10 months ago • 1 min
This chart should be music to your ears if you’re bullish on stocks. It shows that, in each of the times since 1954 when the S&P 500 has gained over 5% in January after a negative previous year, the index has gone on to end the year with some really chunky gains. We’re talking: almost 30% for the year on average.
And we saw another good omen last week: there was a “golden cross” in the S&P 500. This happens when its 50-day simple moving average (SMA) crosses above the 200-day SMA. These crosses, when they’ve coincided with the index being at least 10% below its all-time high, have resulted in a positive move in 15 out of the 16 times since 1950 – with an average 15.7% gain over the next year.
That’s a lot of good mojo, but it doesn’t guarantee a stellar year for stocks. There are still plenty of reasons to be cautious – with stock valuations high, and the outlook for inflation, interest rates, growth, and fiscal policy (that troublesome debt ceiling) all far from certain.

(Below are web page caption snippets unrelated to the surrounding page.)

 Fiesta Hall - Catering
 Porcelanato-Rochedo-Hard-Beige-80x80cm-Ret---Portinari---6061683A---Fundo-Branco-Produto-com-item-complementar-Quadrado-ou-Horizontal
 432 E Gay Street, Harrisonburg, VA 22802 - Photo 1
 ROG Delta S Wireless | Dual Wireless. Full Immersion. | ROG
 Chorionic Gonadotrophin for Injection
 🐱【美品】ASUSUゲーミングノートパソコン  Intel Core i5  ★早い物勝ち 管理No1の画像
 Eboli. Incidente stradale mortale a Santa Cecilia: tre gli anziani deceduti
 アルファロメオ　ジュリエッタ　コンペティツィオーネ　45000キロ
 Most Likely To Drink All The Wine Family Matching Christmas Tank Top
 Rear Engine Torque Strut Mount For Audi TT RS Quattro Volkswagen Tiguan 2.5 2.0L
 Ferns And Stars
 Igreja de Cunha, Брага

So if you’re going to play offense in this market, it makes sense to do it defensively. Dollar-cost averaging, buying a set amount on a regular basis, is a smart way to invest gradually. A trailing stop-loss – that is, an adjustable exit level for the trade if it moves against you that ratchets up to a better place when you’ve seen some gains – also can help guard you against losses that are outside your comfort zone. Consider setting your exit level below an area of major price support or based on a certain loss percentage, such as 2% of your overall portfolio.

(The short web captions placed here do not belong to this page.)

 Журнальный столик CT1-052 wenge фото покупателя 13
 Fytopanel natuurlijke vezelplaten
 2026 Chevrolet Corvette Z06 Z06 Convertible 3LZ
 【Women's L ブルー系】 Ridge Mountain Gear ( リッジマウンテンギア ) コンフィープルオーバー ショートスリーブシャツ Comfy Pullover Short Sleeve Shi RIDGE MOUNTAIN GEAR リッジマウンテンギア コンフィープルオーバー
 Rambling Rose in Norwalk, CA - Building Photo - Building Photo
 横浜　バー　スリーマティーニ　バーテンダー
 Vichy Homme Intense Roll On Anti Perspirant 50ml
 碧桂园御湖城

Disclaimer: These articles are provided for information purposes only. Occasionally, an opinion about whether to buy or sell a specific investment may be provided. The content is not intended to be a personal recommendation to buy or sell any financial instrument or product, or to adopt any investment strategy as it is not provided based on an assessment of your investing knowledge and experience, your financial situation or your investment objectives. The value of your investments, and the income derived from them, may go down as well as up. You may not get back all the money that you invest. The investments referred to in this article may not be suitable for all investors, and if in doubt, an investor should seek advice from a qualified investment advisor.